Now the API 3.0 is applied. I am working on Java 1.7 and plexus-java@java7 in branch 3.0.0-M1, and the release can start today late evening.
Btw somebody broke the behavior of maven:shared-utils:3.2.0+. I have to use older version 3.1.0.

[rfscholte]

Btw somebody broke the behavior of maven:shared-utils:3.2.0+. I have to use older version 3.1.0.
Can you be more specific and/or create an issue for it?

[Tibor17]

Hi @rfscholte . The CLI in shared-utils executes a subprocess and we in surefire rely on a callback that the process finished. It seems we do not receive this notification and therefore the process waits next 10 seconds till timeout has elapsed. This prolonged ITs from 1 hour to 2 hours. Using the older version 3.1.0 all is same as before. I will have time to debug it after Surefire release. Are you fine with that yet?

[rfscholte]

My guess: apache/maven-shared-utils@f2246e0 Would be nice if you could have a look at it once you've finished this phase of surefire.

[jglick]

Looks right.
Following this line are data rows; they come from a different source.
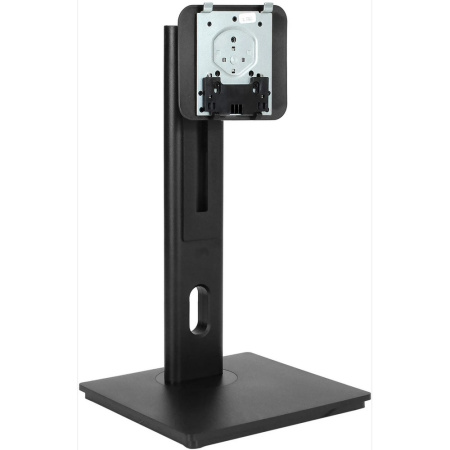 Монитор ExeGate EA2707CA SuperView (EX298883RUS)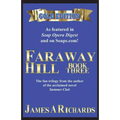Faraway Hill Book Three (Gold Edition)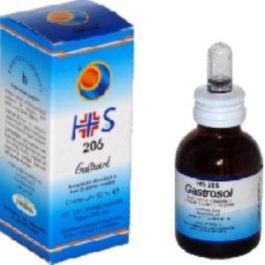 Gastrosol Gotas 50Ml. Precio: 22.4999995. SKU: B137TKRPEY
Is there a specific integration test that reproduces the issue when run on a new Java release?

[rockysingh]

I think it's worth trying with an integration test that uses a random port.

[Tibor17]

@cstamas
@rockysingh
@jglick
Why we did not do it with java.i.File.toURI()?

[Tibor17]

A new branch 3.0.0-M1-J7 went out.
It contains API 3.0 and Java 1.7 (SUREFIRE-1493 and SUREFIRE-1474).
Let's wait for the Jenkins build...

[Tibor17]

We should see the Manifest. Why this issue does not exist on Windows? I think it should because the code base is in TEMP since the surefire.jar (surefire booter) is always on C:\ and not your Local repo on D:\.
See the first two sentenses in https://docs.oracle.com/javase/8/docs/technotes/guides/jar/jar.html#classpath
Are we sure that we identified the bug and it is in Class-Path of the Manifest??
Why the Main-Class is not found according to the bugs related to Debian dist?
The users say the useSystemClassLoader helps but it is because environment variable CLASSPATH is used with absolute paths. It is a bit contradictory with Manifest's Class-Path. I remember that the spec was different and that the file URL (file:/path/to/jar) was supported, so I guess absolute.

[Tibor17]

@cstamas Can you please squash the commits in one? Exclude the pom.xml because the master is already on Java 1.7. The commit message should be then according to Jira: [SUREFIRE-1588] Surefire manifest jar classloading broken on latest Debian/Ubuntu Java8.

[Tibor17]

Works for me but the annoying are logs because we log every Jar file.
This can be fixed by using a boolean flag preventing from repeative logs with same message.
Can you segregate the try-catch to a private method?
I have a question regarding the bug. The build plugin crashed with plugin version 2.22.1 on 1.8.0_192? It did not crash on my Windows system. It is different experience on Linux?

[Tibor17]

AFAIK our users, they won't see any warnings. So. We should write the log down to a dump file, see InPluginProcessDumpSingleton. I do not think it is user error. You need to specify reports dir and pass it to the class because the InPluginProcessDumpSingleton requires the dir.

[mirabilos]

Now the API 3.0 is applied. I am working on Java 1.7 and plexus-java@java7 in branch 3.0.0-M1, and the release can start today late evening.
Btw somebody broke the behavior of maven:shared-utils:3.2.0+. I have to use older version 3.1.0.

What does this even mean?

We need a fixed release, and I don’t mind bumping the minimum Java version as everything here is Java 8 anyway (with one Java 7 project from another team), but what other incompatible changes will you introduce in version 3.0.0? We really need a drop-in replacement soon.

[mirabilos]

Why this issue does not exist on Windows?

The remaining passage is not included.